Oh, you silly, mad, impetuous boy of a Bellman, of course you’ve heard it before! Your sense of exactitude may be lacking but as we shall demonstrate, that is mere subterfuge! In fact, our Bellman has a cunning plan … designed to cloak the manicheaen dichotomy of his cryptognostic brainbox with something completely different!
The Bellman’s memory of the Baker’s Snark-Hunting Method (see last week’s verse) has been divided, like William Pitt or George Bush, into two portions to conceal his heretical, dare we say, even paganistic proclivities …
The more orthodox memory is derived from childhood memories of Sunday morning sermonizing at the ol’ Dodgson vicarage, to wit, Hebrews 12 : 17 …
"For ye know how that afterward, when he would have inherited the blessing, he was rejected: for he found no place of repentance, though he sought it carefully with tears."
However, there is another, more pertinent memory lurking in the wings, a happier memory of family sing-alongs around the parlour piano, to wit, some verses from that favorite Victorian ballad, The Mistletoe Bough …
They sought her that night, they sought her next day,
They sought her in vain when a week passed away.
Nothing much to see here*, folks — until one remembers that the mistletoe is an ancient element of that paganism which was uprooted entirely by the orthodox Christianity which the Bellman supposedly espouses with his first, Abrahamic memory!
Say it ain’t so, Bellman!
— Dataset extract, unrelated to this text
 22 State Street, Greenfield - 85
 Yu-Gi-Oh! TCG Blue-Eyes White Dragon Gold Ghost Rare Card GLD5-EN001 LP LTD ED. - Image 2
Deny, if you can, that what we have here, in this Snark Hunters’ recipe of "seeking-thimbles-care-forks-hope-railway-share-smiles-soap" is nothing less than a Celtic pagan’s verse charm, an Old English galdor in fact, cleverly concealed behind some monotheistic prattle! But he cannot deny, he cannot say it ain’t so, he stands silent.
And so we must unmask the Bellman to show him as he really is — an unrepentant henotheist! All this versified fancypants talk of seeking Snarks is just old-fashioned pagan charm-making — by jove, it’s plain witchcraft! Deny it all you can, Bellman, but shame on you, the fictional creation of a clergyman’s son, for your heathen ways. You and your cabal of backsliding, snark-worshipping, Anglo-Saxon cryptoskálds are found out at last! Go now, skulk in your sordid oak groves …
… How on earth did they find me out, you wonder, from whence comes this prosecutorial zeal? By Belenos, what is this, the Spanish Inquisition? — ha, ha — nobody expects the Spanish Inquisition!
* There are those quibblers who will insist upon "The Mistletoe Bough's" publication date of 1884 rendering null and void all manner of thoughts concerning the influence of Old English poetry upon Lewis Carroll, and in particular, the general, pre-Christian, Northern European penchant for conflating linguistic structure with cosmological structure. I do not know whether the ballad has an older antecedent (I suspect it does, simply because I wish it so) but I do know that Carroll's fascination with linguistic world-play is undeniable and has deep roots in English culture.
There are also those inquisitorial types who will point out that the premise of all of the above theorizing is the precise opposite of last week's theorizing upon the same critical Eighth Stanza. To them I must reply, with all the hauteur and superciliousness I can muster at such short notice — belgium, man, belgium!